Search the entries below for the word "Street" and copy each line that has it.
--- START ---
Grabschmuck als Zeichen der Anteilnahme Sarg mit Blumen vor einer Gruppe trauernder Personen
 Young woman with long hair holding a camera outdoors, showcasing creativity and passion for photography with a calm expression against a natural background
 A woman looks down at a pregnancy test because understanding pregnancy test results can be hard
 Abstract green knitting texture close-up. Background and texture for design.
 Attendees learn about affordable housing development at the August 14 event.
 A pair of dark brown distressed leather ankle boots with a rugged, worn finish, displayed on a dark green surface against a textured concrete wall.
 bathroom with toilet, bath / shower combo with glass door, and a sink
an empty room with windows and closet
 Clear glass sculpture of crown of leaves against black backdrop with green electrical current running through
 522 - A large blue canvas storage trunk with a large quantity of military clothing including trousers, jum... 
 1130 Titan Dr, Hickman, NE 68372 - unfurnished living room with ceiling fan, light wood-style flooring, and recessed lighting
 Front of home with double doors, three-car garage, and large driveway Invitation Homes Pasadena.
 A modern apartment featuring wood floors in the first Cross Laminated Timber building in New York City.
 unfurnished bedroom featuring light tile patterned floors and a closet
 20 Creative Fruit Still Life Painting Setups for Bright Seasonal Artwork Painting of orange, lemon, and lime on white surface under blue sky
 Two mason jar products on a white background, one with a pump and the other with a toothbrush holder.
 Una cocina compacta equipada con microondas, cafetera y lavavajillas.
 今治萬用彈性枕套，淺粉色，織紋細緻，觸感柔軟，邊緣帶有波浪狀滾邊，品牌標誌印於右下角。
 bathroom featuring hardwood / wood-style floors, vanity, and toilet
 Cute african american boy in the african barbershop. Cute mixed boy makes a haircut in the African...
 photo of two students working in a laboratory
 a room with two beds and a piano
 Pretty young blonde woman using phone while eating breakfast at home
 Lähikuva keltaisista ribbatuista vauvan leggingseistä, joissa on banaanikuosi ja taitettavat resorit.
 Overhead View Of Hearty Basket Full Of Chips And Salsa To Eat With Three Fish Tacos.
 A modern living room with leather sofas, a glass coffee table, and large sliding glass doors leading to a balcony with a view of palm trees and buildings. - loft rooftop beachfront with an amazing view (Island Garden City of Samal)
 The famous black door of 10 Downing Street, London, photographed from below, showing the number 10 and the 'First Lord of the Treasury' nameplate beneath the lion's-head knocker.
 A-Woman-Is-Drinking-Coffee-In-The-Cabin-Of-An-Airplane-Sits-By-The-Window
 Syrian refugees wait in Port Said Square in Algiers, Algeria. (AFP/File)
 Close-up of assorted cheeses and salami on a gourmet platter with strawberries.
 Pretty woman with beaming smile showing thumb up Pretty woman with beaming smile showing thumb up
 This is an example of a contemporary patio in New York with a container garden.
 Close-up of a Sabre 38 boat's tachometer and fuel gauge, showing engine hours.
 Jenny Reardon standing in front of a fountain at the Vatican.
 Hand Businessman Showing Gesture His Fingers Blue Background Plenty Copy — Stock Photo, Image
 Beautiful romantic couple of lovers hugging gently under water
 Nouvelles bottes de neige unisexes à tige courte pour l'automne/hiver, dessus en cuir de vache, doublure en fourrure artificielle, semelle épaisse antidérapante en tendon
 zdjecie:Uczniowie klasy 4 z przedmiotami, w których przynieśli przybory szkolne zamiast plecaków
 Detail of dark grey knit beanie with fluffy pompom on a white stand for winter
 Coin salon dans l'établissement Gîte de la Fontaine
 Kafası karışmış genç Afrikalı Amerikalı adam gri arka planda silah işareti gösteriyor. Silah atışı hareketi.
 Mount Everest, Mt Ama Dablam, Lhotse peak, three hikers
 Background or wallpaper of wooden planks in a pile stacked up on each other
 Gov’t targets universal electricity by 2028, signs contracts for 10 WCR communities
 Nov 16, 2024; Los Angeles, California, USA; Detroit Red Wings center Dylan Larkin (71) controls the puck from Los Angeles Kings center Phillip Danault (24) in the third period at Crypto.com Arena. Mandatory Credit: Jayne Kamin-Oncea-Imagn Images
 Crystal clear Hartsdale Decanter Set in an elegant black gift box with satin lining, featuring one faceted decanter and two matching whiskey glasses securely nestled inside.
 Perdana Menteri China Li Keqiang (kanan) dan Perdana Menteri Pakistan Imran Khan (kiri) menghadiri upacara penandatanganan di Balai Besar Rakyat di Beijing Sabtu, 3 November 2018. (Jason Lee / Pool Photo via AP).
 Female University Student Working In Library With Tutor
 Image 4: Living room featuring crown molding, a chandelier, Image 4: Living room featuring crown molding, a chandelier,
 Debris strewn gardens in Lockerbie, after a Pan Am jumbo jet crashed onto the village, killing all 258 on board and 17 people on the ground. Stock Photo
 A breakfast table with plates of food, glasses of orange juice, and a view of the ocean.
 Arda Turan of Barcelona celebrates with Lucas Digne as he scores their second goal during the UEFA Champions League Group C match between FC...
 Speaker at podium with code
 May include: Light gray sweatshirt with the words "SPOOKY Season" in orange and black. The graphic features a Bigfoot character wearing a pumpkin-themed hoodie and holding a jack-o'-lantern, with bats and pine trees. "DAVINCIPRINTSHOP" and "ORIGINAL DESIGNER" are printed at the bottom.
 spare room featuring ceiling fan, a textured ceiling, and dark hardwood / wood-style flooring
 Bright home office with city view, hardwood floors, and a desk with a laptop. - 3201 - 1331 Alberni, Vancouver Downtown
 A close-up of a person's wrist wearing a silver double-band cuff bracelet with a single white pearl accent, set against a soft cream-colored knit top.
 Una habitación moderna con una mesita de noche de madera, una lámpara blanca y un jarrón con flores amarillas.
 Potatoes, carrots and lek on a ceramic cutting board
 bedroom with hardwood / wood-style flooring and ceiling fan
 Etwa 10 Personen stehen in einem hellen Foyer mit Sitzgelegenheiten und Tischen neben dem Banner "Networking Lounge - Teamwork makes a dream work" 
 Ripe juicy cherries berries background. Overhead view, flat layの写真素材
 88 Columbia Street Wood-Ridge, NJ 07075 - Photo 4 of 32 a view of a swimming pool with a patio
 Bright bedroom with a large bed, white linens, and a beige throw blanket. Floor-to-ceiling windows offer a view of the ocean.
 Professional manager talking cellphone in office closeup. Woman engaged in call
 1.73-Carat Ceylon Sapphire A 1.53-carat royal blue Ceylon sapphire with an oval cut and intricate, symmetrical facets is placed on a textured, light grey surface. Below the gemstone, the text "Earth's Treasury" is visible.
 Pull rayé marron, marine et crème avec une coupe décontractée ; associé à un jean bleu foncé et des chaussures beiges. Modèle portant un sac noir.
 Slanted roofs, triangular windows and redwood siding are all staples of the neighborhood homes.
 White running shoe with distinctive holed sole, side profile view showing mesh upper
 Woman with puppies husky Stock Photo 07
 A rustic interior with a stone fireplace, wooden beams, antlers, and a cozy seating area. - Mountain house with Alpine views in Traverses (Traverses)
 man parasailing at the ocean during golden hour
--- END ---
SOLUTION BELOW —
 The famous black door of 10 Downing Street, London, photographed from below, showing the number 10 and the 'First Lord of the Treasury' nameplate beneath the lion's-head knocker.
 88 Columbia Street Wood-Ridge, NJ 07075 - Photo 4 of 32 a view of a swimming pool with a patio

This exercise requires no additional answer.